読んだ画面の色を、flash_amount(uniform)に応じて 赤に寄せる だけです。

shader_type canvas_item;

uniform sampler2D screen_tex : hint_screen_texture, filter_linear_mipmap;
uniform float flash_amount : hint_range(0.0, 1.0) = 0.0;  // 外から制御する赤み

void fragment() {
    vec3 screen_color = texture(screen_tex, SCREEN_UV).rgb;
    vec3 red = vec3(0.8, 0.0, 0.0);
    // flash_amount の割合だけ赤に寄せる
    COLOR = vec4(mix(screen_color, red, flash_amount), 1.0);
}

スクリプト側は、被弾時に flash_amount を1に上げ、すぐ0へ戻すだけです。

@onready var mat: ShaderMaterial = $CanvasLayer/ColorRect.material

func on_damaged() -> void:
    mat.set_shader_parameter("flash_amount", 0.6)   # パッと赤く
    # Tweenで0へ戻すと、赤みがスッと引く
    create_tween().tween_property(mat, "shader_parameter/flash_amount", 0.0, 0.3)

ポイントは2つです。

  • 画面全体に一律にかかる :個別キャラを光らせる modulate と違い、これは 画面全部 が赤くなります。「自分がダメージを受けた」感を強く出せます。
  • uniformTween で制御flash_amount を1つ用意し、set_shader_parameter() で動かします。Tweenで0へ戻せば、赤みがなめらかに引いていきます。

SubViewport方式との使い分け

画面を加工する手段には、SubViewport を使う方法もあります。目的で使い分けます。
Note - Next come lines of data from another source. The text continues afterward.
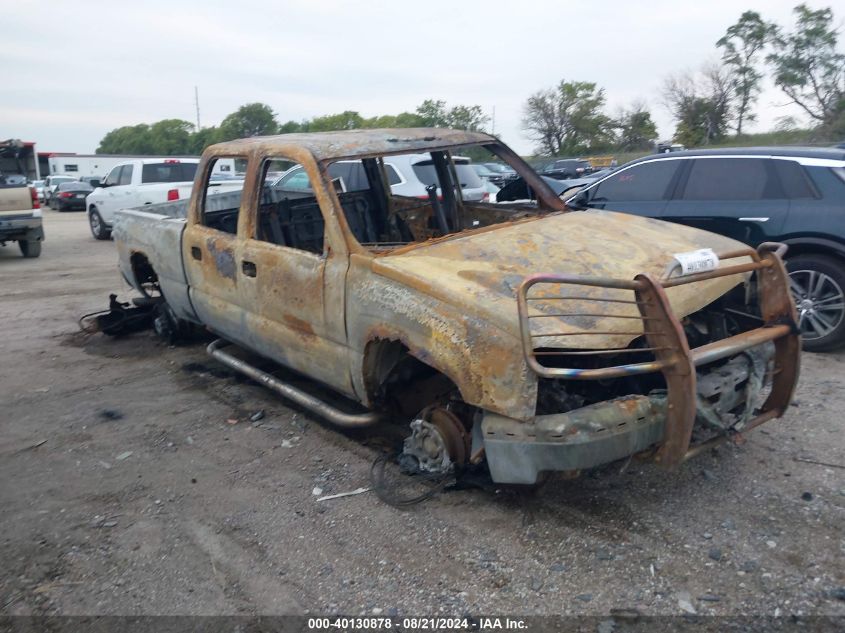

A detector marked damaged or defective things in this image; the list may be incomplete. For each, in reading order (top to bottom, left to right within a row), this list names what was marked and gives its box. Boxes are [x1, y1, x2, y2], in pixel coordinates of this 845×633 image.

burned pickup truck [110, 130, 796, 484]
rust damage [109, 127, 800, 484] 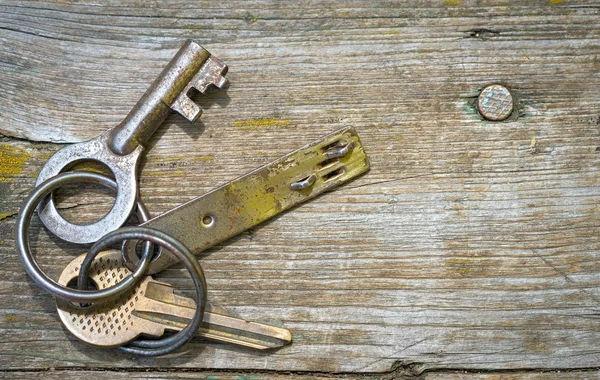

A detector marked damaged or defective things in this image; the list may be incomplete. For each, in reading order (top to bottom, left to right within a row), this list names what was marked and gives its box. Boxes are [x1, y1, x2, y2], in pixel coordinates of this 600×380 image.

rusty nail [476, 84, 512, 121]
rusty metal ring [16, 171, 154, 302] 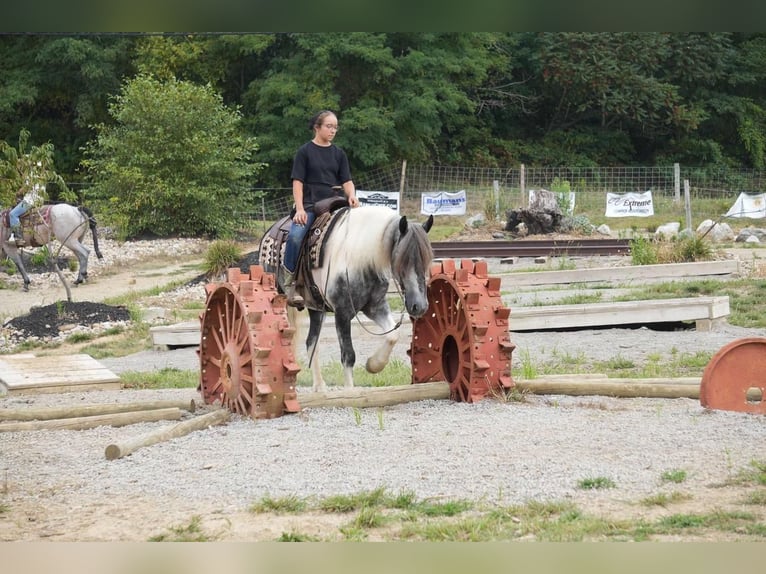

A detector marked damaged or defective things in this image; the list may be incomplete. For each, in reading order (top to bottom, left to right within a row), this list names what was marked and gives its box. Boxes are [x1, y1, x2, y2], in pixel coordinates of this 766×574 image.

rusty metal disc [200, 266, 302, 418]
rusty metal disc [408, 258, 516, 402]
rusty metal disc [704, 338, 764, 414] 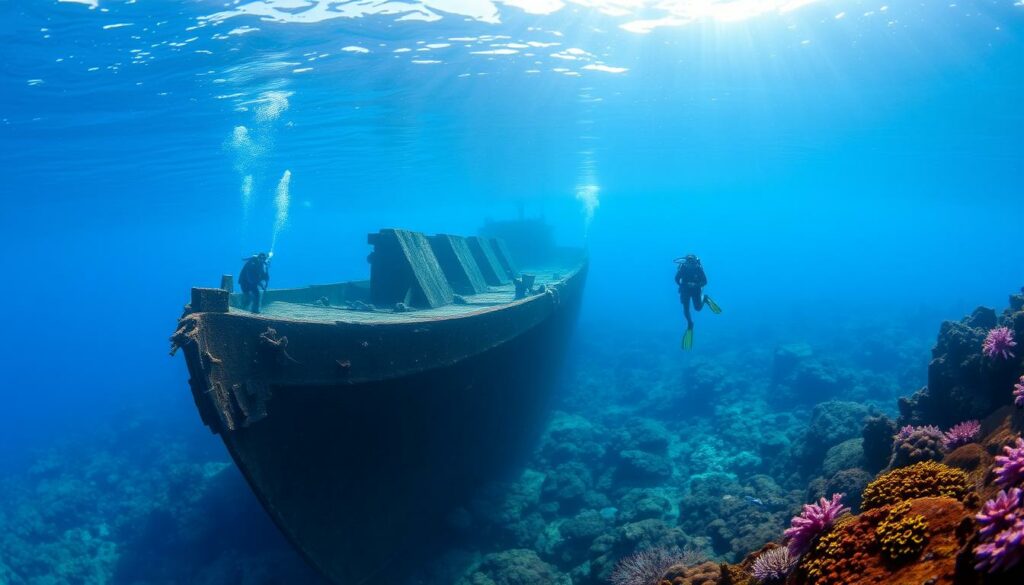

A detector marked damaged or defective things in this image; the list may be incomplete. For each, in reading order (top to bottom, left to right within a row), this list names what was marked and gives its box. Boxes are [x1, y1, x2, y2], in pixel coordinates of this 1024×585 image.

corroded hull surface [176, 262, 585, 581] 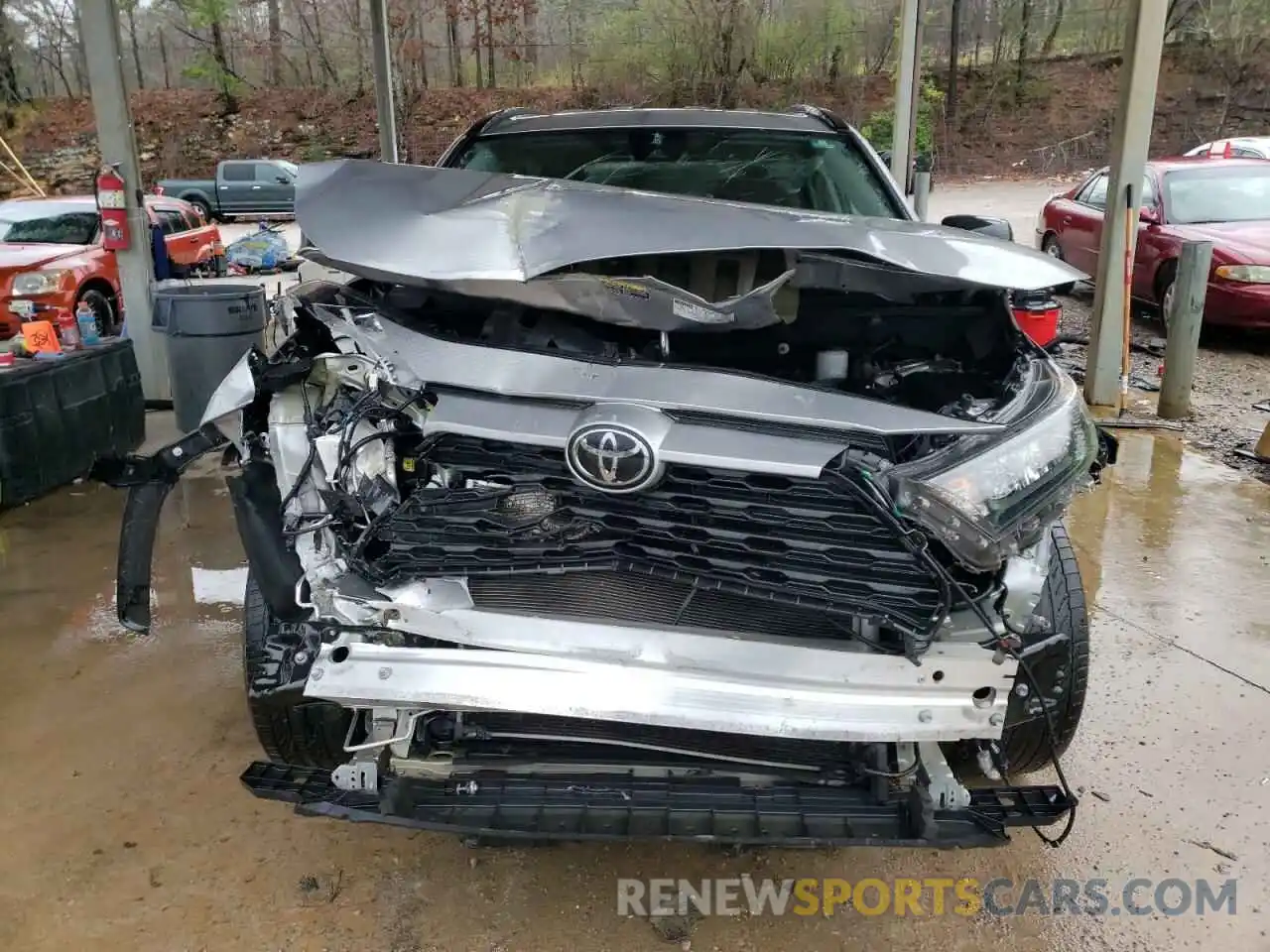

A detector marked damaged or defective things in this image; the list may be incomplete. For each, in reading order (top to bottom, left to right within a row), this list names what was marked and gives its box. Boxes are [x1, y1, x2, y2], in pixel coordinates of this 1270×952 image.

crumpled hood [294, 159, 1081, 298]
torn sheet metal [292, 160, 1086, 294]
damaged silver suv [96, 107, 1112, 853]
broken headlight [889, 368, 1096, 571]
ポストプロセスとSubViewportの使い分けの図。ポストプロセスは画面全体に後から一律にエフェクトをかける(ビネットやCRT)。SubViewportは特定の映像を別途レンダリングして加工する(ミニマップ、監視カメラ、一部だけの効果)。全画面はポストプロセス、部分はSubViewport
  • ポストプロセス :完成した 画面全体に、後から一律 にかける。ビネット・CRT・全画面フラッシュなど
  • SubViewport :特定の 映像を別途レンダリング して加工する。ミニマップ、監視カメラ、画面の一部だけの効果など

「ゲーム画面まるごと」ならポストプロセス、「一部の映像を作り込む」ならSubViewport、と覚えておけば迷いません。

おまけ:先に知っておくと良いこと

  • 3Dにもかけられる :CanvasLayerの全画面ColorRectは2D・3Dどちらのゲームの上にも重なるので、3Dゲームの画面にもそのままポストプロセスをかけられます。
  • 重ねがけは順序に注意 :複数のエフェクト(ビネット+CRTなど)をかけるなら、1つのシェーダーにまとめるか、ColorRectを重ねます。重ねる場合は下から上への処理順を意識します。
  • 画面遷移のワイプにもSCREEN_UV と時間で「画面を左から徐々に塗りつぶす」ようにすれば、場面転換のワイプ演出もポストプロセスで作れます。

まとめ

  • ポストプロセスは 描き終えた画面全体を読んで加工 する手法。構成は CanvasLayer+全画面ColorRect+ShaderMaterial
  • 画面は hint_screen_texture で受け取り、SCREEN_UV で各ピクセルを読む
  • ビネット・色収差・CRT走査線・グレースケールなど、加工の式を変えるだけ で多彩な画面効果が作れる
  • 被弾フラッシュは、読んだ色を flash_amount(uniform)で赤に寄せる だけ。Tweenで戻す
  • 全画面はポストプロセス、部分はSubViewport と使い分ける

まずは画面をそのまま出すだけの最小シェーダーを作り、そこにビネットを1つ足してみてください。画面全体がスッと締まって見える瞬間、ポストプロセスの効果を実感できます。